• _DATA EXTRACT_
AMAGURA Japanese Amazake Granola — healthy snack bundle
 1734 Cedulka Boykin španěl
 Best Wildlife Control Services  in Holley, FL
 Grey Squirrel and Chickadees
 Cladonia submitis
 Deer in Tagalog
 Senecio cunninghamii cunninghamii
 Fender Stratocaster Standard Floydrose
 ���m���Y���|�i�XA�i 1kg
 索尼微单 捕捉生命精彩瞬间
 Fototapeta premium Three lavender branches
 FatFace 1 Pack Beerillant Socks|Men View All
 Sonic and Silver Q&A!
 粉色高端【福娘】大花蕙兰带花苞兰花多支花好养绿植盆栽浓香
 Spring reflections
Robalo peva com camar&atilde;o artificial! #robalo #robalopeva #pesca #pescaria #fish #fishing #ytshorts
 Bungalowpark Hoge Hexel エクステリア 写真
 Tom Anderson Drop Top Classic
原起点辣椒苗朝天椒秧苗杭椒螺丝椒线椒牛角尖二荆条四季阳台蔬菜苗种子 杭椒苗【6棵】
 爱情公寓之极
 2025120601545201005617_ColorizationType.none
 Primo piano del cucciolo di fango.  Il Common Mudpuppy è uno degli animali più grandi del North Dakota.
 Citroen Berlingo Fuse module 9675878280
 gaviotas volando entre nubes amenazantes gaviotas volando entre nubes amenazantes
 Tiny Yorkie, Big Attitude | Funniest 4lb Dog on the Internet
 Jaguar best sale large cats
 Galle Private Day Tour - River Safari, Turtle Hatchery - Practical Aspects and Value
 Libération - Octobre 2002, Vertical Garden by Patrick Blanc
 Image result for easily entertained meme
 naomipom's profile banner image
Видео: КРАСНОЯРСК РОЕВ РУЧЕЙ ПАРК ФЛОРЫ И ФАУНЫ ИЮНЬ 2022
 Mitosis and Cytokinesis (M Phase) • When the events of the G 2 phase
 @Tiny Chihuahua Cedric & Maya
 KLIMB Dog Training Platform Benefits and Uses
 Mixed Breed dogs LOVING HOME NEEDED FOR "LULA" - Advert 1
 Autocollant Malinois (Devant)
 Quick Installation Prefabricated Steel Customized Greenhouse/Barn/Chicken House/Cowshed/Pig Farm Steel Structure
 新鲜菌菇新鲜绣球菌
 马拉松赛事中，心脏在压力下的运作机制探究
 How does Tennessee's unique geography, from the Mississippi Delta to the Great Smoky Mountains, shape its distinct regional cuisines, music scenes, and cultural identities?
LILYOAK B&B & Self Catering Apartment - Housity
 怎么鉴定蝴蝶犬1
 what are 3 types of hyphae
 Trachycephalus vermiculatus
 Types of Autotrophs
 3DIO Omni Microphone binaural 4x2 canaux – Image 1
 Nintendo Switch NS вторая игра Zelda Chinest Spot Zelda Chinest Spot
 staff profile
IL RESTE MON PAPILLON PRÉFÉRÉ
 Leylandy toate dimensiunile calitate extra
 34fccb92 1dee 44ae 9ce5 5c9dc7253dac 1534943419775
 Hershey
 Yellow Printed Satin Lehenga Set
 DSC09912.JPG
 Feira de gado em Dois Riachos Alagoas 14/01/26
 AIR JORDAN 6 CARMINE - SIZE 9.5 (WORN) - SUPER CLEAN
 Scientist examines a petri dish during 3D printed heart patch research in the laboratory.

• _EXERCISE_
The records above are to be copied in full, exactly as written.

• _RESULT FOR THIS EXERCISE_
AMAGURA Japanese Amazake Granola — healthy snack bundle
 1734 Cedulka Boykin španěl
 Best Wildlife Control Services  in Holley, FL
 Grey Squirrel and Chickadees
 Cladonia submitis
 Deer in Tagalog
 Senecio cunninghamii cunninghamii
 Fender Stratocaster Standard Floydrose
 ���m���Y���|�i�XA�i 1kg
 索尼微单 捕捉生命精彩瞬间
 Fototapeta premium Three lavender branches
 FatFace 1 Pack Beerillant Socks|Men View All
 Sonic and Silver Q&A!
 粉色高端【福娘】大花蕙兰带花苞兰花多支花好养绿植盆栽浓香
 Spring reflections
Robalo peva com camar&atilde;o artificial! #robalo #robalopeva #pesca #pescaria #fish #fishing #ytshorts
 Bungalowpark Hoge Hexel エクステリア 写真
 Tom Anderson Drop Top Classic
原起点辣椒苗朝天椒秧苗杭椒螺丝椒线椒牛角尖二荆条四季阳台蔬菜苗种子 杭椒苗【6棵】
 爱情公寓之极
 2025120601545201005617_ColorizationType.none
 Primo piano del cucciolo di fango.  Il Common Mudpuppy è uno degli animali più grandi del North Dakota.
 Citroen Berlingo Fuse module 9675878280
 gaviotas volando entre nubes amenazantes gaviotas volando entre nubes amenazantes
 Tiny Yorkie, Big Attitude | Funniest 4lb Dog on the Internet
 Jaguar best sale large cats
 Galle Private Day Tour - River Safari, Turtle Hatchery - Practical Aspects and Value
 Libération - Octobre 2002, Vertical Garden by Patrick Blanc
 Image result for easily entertained meme
 naomipom's profile banner image
Видео: КРАСНОЯРСК РОЕВ РУЧЕЙ ПАРК ФЛОРЫ И ФАУНЫ ИЮНЬ 2022
 Mitosis and Cytokinesis (M Phase) • When the events of the G 2 phase
 @Tiny Chihuahua Cedric & Maya
 KLIMB Dog Training Platform Benefits and Uses
 Mixed Breed dogs LOVING HOME NEEDED FOR "LULA" - Advert 1
 Autocollant Malinois (Devant)
 Quick Installation Prefabricated Steel Customized Greenhouse/Barn/Chicken House/Cowshed/Pig Farm Steel Structure
 新鲜菌菇新鲜绣球菌
 马拉松赛事中，心脏在压力下的运作机制探究
 How does Tennessee's unique geography, from the Mississippi Delta to the Great Smoky Mountains, shape its distinct regional cuisines, music scenes, and cultural identities?
LILYOAK B&B & Self Catering Apartment - Housity
 怎么鉴定蝴蝶犬1
 what are 3 types of hyphae
 Trachycephalus vermiculatus
 Types of Autotrophs
 3DIO Omni Microphone binaural 4x2 canaux – Image 1
 Nintendo Switch NS вторая игра Zelda Chinest Spot Zelda Chinest Spot
 staff profile
IL RESTE MON PAPILLON PRÉFÉRÉ
 Leylandy toate dimensiunile calitate extra
 34fccb92 1dee 44ae 9ce5 5c9dc7253dac 1534943419775
 Hershey
 Yellow Printed Satin Lehenga Set
 DSC09912.JPG
 Feira de gado em Dois Riachos Alagoas 14/01/26
 AIR JORDAN 6 CARMINE - SIZE 9.5 (WORN) - SUPER CLEAN
 Scientist examines a petri dish during 3D printed heart patch research in the laboratory.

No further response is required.